Ho sorvolato, volutamente, sull’indegno spettacolo avvenuto a Tiki Taka l’altro giorno.
L’ho fatto perché quel teatrino trash era studiato, voluto, cercato.
E quel personaggio era preparato, istruito, intenzionato a scatenare la bagarre. Alla ricerca di un punto di share, delle ribattute social, di una visibilità altrimenti negata se affidata a quello che dovrebbe essere il suo, il loro lavoro.
Ma la responsabilità non può essere scaricata puntualmente sui pagliacci di turno; va ricercata in chi confeziona questi programmi, chi sceglie gli ospiti, chi prepara la scaletta.
Non ci meritiamo tutto questo. E non parlo solo in quanto napoletani, ma in quanto amanti del calcio.
Quel calcio raccontato negli anni da persone come Paolo Valenti, Raimondo Vianello, Sandro Ciotti, Gianni Minà, Luigi Necco, Bruno Pizzul e tanti altri.
Quelle provocazioni non meritano assolutamente risposta; perché non sono frutto di un dibattito, ma un semplice rutto in una gara di rutti.
Perché questo sono diventati gran parte dei contenitori televisivi: una gara a chi fa il rutto più lungo. Sono il messaggio negativo, l’antitesi dello sport.

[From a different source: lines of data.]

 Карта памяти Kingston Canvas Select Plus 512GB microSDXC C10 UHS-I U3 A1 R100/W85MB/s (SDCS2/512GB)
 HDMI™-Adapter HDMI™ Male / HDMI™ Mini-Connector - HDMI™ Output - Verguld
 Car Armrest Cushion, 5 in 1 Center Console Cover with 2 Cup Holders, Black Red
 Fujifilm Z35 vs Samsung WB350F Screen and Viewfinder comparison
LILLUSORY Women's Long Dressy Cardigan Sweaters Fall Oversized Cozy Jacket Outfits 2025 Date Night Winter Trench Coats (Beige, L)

Non elevano la polemica da bar a dibattito serio, ma rendono la polemica da bar, al loro confronto, il dibattito serio. Spingono sempre più in giù l’asticella, senza vergogna.

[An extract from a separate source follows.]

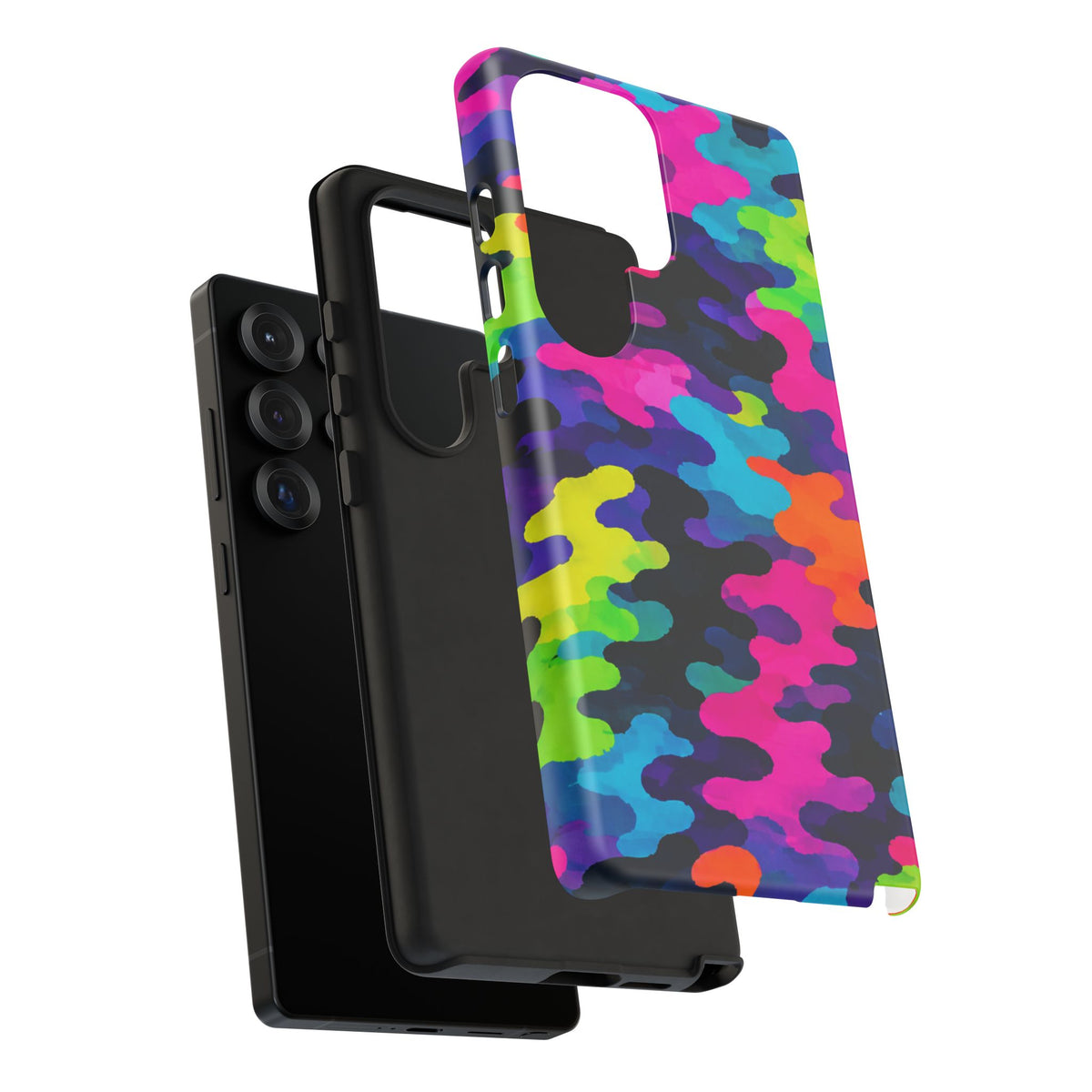 Neon Camo Tough Phone Case — Bright Rainbow Protective iPhone Cover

Convinti che è questo che la gente vuole, forse.
Dico “forse” perché in realtà la gente finisce poi per spegnerla la tv; i programmi chiudono, gli ascolti calano. E loro, anziché reinventarsi, peggiorano. Annoverano clown nel circo, ma senza strappare risate.

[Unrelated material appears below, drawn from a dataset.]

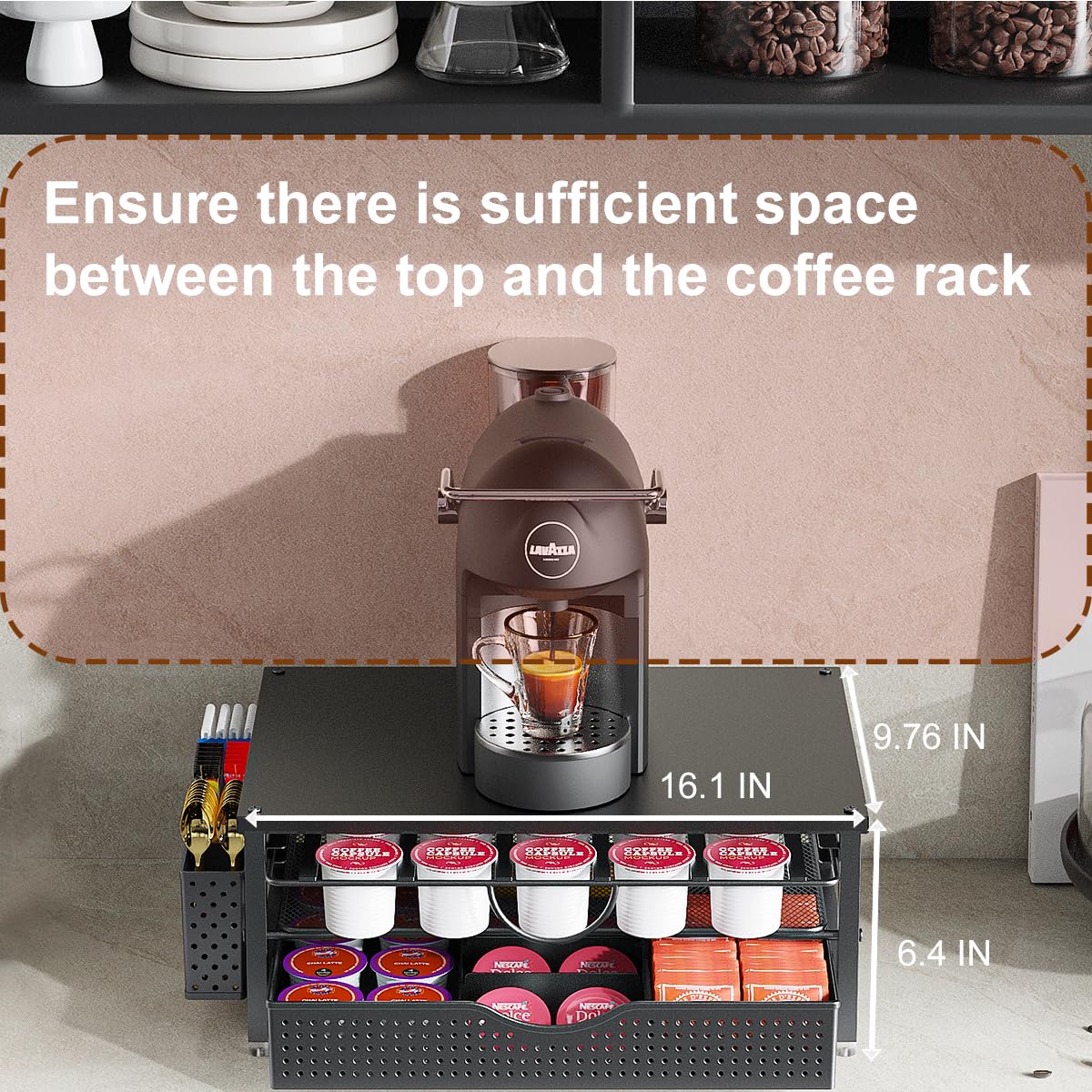 ORDROLL K Cup Holder compact footprint fits small spaces.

E a noi resta solo la nostalgia del calcio raccontato che fu; di quando la tv ancora si ricordava di dover provare ad essere esempio. Non riuscendoci sempre, ma almeno provandoci.
Con stile, garbo e ironia.
Tempi andati: ora, come dicevo, solo gare di rutti.
Alle quali non si può rispondere con ulteriori rutti, perché sarebbe il loro gioco.
A quei personaggi al massimo possiamo concedere un pernacchio, di eduardiana memoria.
Quello di testa e di petto; cervello e passione. Quello da fare con la mano molle, le labbra un po’ umettate e le dita alzate.
Nulla di più potete meritarvi.
Che di Duca Alfonso Maria di Sant’Agata dei Fornari ce ne abbiamo ormai troppi.